Der Detailist

Mit Präzision und Gespür für diskreten Luxus hat der Designer Tomas Maier aus dem Label Bottega Veneta eine Weltmarke gemacht. Im Interview erklärt er, warum er sich trotzdem nie fragt, was sich gut verkaufen könnte.

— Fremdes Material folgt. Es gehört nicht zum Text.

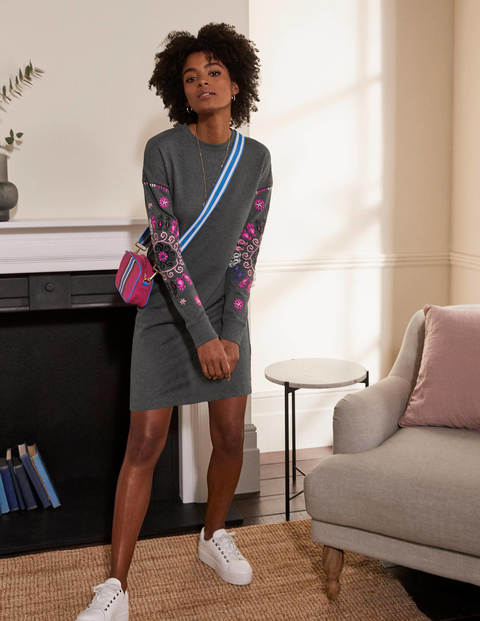 Robe-sweat Jasmine - Anthracité chiné, broderie Robe-sweat Jasmine - Anthracité chiné, broderie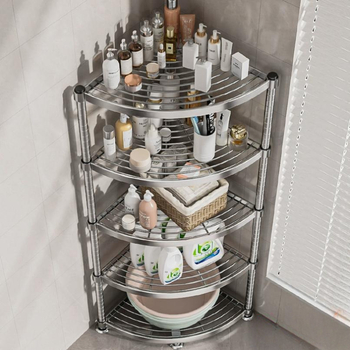 Raft de baie din oțel inoxidabil 304, montat în colț, pe podea, cu 5+ etaje, suprafață cu strat plastic, certificare CE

TOMAS MAIER Modemacher Geboren 1957 in Pforzheim, Waldorf-Schüler. Ging mit 20 nach Paris, wo er zunächst als Designer für Guy Laroche, Sonia Rykiel und Hermès arbeitete. 2001 übernahm die Gucci Group das Label Bottega Veneta und engagierte Maier als Chefdesigner. Dort baute er den einstigen Lederwarenhersteller zur globalen Luxusmarke auf. Seine Strategie: keine Logos oder Etiketten, das »Produkt muss für sich sprechen«. (Foto: Corbis)

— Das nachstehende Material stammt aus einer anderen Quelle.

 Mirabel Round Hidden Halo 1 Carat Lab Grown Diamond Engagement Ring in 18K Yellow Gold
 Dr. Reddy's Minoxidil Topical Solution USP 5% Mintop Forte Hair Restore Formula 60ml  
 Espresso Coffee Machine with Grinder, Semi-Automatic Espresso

SZ-Magazin: Herr Maier, Sie haben 2001 das heruntergewirtschaftete Luxuslabel Bottega Veneta übernommen. Seitdem stieg der Umsatz jedes Jahr – bis zur aktuellen Rekordmarke von 945 Millionen Euro. Können Sie erklären, warum Menschen in harten Zeiten Ihre sündhaft teuren Ledertaschen, Möbel und Ihre Mode kaufen?
Tomas Maier:
Wer heute Geld ausgibt, investiert es in Gegenstände, die schön sind und der Zeit widerstehen. In Dinge, die Sie nicht nur besitzen, sondern vielleicht auch weitergeben können. Unsere Kunden sollen sagen, »oh, das ist aber schönes Leder – und so gut verarbeitet!« Ein gutes Produkt wirbt für sich selbst. Dann muss man auch nicht diesen It-Bag-Unfug betreiben, bei dem Stars viel Geld dafür bekommen, dass sie eine Handtasche in die Kamera halten. Für so dumm lässt sich heute kaum noch ein Kunde verkaufen.

Profitieren Sie davon, dass Reiche ihren Wohlstand nicht mehr zeigen wollen?

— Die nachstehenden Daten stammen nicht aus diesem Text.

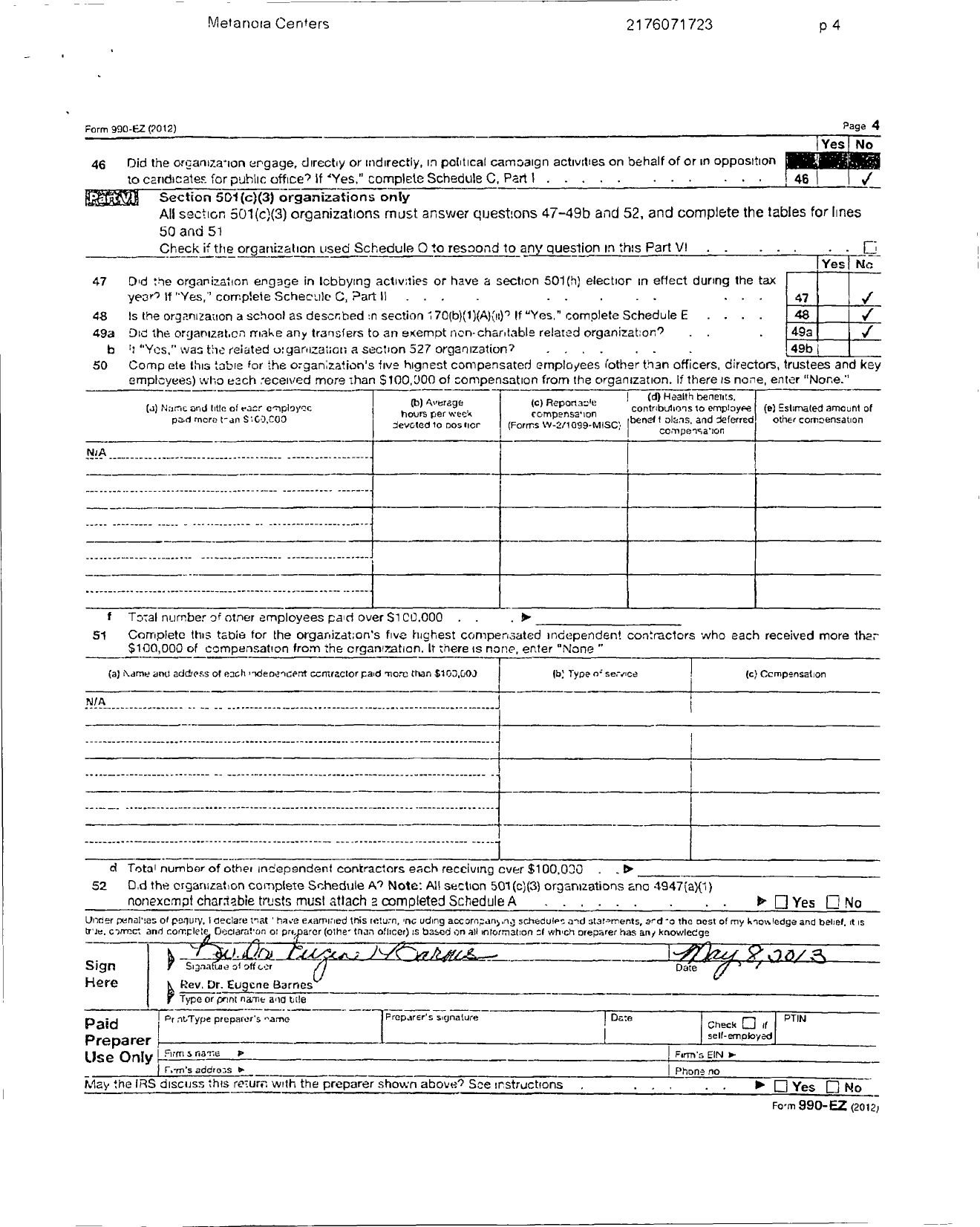 Image of first page of 2012 Form 990ER for Metanoia Centers for Innovations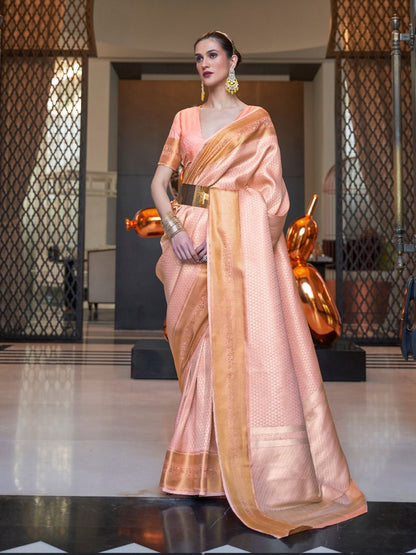 Rajwada Peach Woven Design Silk Blend Saree With Unstitched Blouse For Women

Wahrscheinlich. Ich persönlich finde zurückhaltenden Geschmack immer die bessere Alternative, egal wie die Zeiten sind. Sie wollen doch nicht jedem zeigen, dass Ihr Jacket 1250 Euro gekostet hat. Es reicht zu wissen, dass Sie perfekt angezogen sind und sich darin wohlfühlen. Jedes Mal, wenn Sie es tragen, macht es Ihnen Freude. Deswegen ist es sein Geld wert – nicht weil andere Menschen wissen, wie viel es gekostet hat.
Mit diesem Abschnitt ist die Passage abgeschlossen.